Hayatımızın her alanında karşımıza çıkan kozmik enerjiyi hissediyoruz fakat bunun ne kadarını kendimizi iyileştirmek için kullanabiliyoruz? Bu sorudan yola çıkıp Amerikan Hastanesi içinde kurulan Code Lotus, dışardan katılımla büyüyen bir organizasyona dönüştü. Dünyada da başarılı örnekleri bulunan kendini iyileştirebilme gücünün detaylarını Dr. Elif Altuğ’dan dinledik.
-Biliyoruz ki, tüm hastalıklar kişinin psikolojik olarak çöküşe geçtiği dönemlerde ortaya çıkıyor. Siz fiziksel, ruhsal ve zihinsel bütünsellik konusunda kişileri nasıl eğitiyorsunuz?

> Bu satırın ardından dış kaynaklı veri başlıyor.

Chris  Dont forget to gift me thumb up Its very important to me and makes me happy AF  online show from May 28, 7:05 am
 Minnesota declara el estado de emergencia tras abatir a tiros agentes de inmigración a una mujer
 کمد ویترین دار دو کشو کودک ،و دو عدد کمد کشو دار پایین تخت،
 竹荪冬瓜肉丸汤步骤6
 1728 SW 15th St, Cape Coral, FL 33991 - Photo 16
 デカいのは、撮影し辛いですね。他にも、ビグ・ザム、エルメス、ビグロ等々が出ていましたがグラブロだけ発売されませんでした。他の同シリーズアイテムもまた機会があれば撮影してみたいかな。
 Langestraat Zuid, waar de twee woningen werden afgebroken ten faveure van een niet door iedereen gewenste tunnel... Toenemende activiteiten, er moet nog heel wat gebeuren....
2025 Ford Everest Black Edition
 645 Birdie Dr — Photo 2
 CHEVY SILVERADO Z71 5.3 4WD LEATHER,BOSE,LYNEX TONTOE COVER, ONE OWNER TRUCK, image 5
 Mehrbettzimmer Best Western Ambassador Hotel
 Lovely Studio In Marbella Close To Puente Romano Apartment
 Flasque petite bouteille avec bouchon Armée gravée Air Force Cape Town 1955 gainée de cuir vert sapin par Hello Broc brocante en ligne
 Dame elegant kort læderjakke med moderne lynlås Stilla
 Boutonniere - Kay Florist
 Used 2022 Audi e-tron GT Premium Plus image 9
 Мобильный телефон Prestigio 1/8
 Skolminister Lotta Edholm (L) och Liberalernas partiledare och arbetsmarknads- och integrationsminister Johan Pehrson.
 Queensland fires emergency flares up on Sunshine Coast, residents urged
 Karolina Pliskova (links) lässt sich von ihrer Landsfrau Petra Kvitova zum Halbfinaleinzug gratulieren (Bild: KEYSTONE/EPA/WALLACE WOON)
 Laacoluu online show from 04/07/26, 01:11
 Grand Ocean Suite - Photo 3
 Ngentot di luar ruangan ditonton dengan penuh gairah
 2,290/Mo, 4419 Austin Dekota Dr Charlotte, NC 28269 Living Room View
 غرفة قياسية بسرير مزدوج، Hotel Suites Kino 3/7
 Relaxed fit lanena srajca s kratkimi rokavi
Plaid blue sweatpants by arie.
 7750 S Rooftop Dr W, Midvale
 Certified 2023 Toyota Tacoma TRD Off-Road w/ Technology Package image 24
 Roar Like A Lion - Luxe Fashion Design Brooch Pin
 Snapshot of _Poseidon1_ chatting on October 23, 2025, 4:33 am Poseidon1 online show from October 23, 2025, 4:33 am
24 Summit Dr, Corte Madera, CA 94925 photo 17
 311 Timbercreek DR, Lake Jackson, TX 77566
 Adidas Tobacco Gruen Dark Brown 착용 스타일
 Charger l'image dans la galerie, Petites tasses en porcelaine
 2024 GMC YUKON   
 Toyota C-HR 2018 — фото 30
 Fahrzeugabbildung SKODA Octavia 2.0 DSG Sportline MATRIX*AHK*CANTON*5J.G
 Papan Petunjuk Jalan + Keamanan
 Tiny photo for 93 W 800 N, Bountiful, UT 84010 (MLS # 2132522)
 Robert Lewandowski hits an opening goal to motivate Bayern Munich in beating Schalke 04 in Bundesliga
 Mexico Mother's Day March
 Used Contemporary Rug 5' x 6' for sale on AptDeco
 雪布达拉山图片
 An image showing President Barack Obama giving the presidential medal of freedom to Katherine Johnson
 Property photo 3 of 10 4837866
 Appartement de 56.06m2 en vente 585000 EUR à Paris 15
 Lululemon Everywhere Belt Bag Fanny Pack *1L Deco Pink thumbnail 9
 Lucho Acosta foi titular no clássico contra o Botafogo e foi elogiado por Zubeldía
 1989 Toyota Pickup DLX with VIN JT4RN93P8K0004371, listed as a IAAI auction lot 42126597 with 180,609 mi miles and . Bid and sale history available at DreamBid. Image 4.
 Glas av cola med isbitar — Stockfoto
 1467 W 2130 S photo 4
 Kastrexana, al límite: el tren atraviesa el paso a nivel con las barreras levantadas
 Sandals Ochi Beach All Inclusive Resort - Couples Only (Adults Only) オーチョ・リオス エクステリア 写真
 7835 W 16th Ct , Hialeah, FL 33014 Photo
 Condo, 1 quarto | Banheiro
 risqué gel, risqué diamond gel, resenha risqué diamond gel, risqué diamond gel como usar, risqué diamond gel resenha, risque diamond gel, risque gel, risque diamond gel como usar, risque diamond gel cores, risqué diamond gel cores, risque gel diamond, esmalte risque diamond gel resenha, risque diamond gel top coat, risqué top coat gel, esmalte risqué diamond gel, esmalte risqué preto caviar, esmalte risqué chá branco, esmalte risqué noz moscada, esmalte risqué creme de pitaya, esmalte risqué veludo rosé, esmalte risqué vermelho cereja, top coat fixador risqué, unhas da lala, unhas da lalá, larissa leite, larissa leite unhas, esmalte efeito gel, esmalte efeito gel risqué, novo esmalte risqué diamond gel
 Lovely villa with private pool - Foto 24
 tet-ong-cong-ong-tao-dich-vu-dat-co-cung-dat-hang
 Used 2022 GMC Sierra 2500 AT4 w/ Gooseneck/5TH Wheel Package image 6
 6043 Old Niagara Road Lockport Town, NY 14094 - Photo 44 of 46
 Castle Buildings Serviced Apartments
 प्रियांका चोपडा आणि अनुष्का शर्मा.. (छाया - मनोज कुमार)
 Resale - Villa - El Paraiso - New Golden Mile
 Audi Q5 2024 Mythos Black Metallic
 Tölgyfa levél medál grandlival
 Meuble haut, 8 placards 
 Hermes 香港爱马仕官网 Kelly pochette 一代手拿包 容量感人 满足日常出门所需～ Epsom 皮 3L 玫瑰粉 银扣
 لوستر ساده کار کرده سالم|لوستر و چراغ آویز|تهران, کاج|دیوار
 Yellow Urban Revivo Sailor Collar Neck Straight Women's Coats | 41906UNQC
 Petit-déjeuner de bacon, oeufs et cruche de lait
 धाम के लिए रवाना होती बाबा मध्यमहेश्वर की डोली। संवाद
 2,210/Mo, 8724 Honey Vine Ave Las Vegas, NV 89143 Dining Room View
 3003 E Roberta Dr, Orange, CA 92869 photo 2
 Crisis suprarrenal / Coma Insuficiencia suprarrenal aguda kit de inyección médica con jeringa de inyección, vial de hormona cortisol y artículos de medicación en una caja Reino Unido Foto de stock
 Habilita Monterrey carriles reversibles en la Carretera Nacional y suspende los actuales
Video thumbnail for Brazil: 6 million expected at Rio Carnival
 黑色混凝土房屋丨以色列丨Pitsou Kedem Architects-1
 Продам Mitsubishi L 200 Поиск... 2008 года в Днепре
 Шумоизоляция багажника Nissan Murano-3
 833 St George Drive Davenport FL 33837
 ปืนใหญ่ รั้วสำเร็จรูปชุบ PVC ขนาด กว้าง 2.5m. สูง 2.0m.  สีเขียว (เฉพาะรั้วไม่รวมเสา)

Stres faktörlerinin bağışıklık sistemini olumsuz etkilediği bilimsel kanıtlara dayanıyor. Kişileri eğitmek yerine bedenleriyle bağ kurabilmeleri adına öncelikle yüksek tempoda çalışan ve yaşayan hastane çalışanları, hastalar ve hasta yakınlarıyla, ihtiyacı olan herkesin katılabildiği, haftalık sabit olarak planlanmış mindfulness temelli yoga, meditasyon, pilates, hamile programı ve hastalara yönelik programlarımız var. Bunun dışında, herkesin kendini ifade etme şekli farklı olduğundan, müzik terapi, sanat terapi ve dans/hareket atölyeleri düzenliyoruz. Artık biliyoruz ki, mindfulness pratikleri düzenli yapıldığında beynin stresi yöneten merkezinde küçülme oluyor. Dolayısıyla bu pratiklerle iyi olma halini korumak mümkün.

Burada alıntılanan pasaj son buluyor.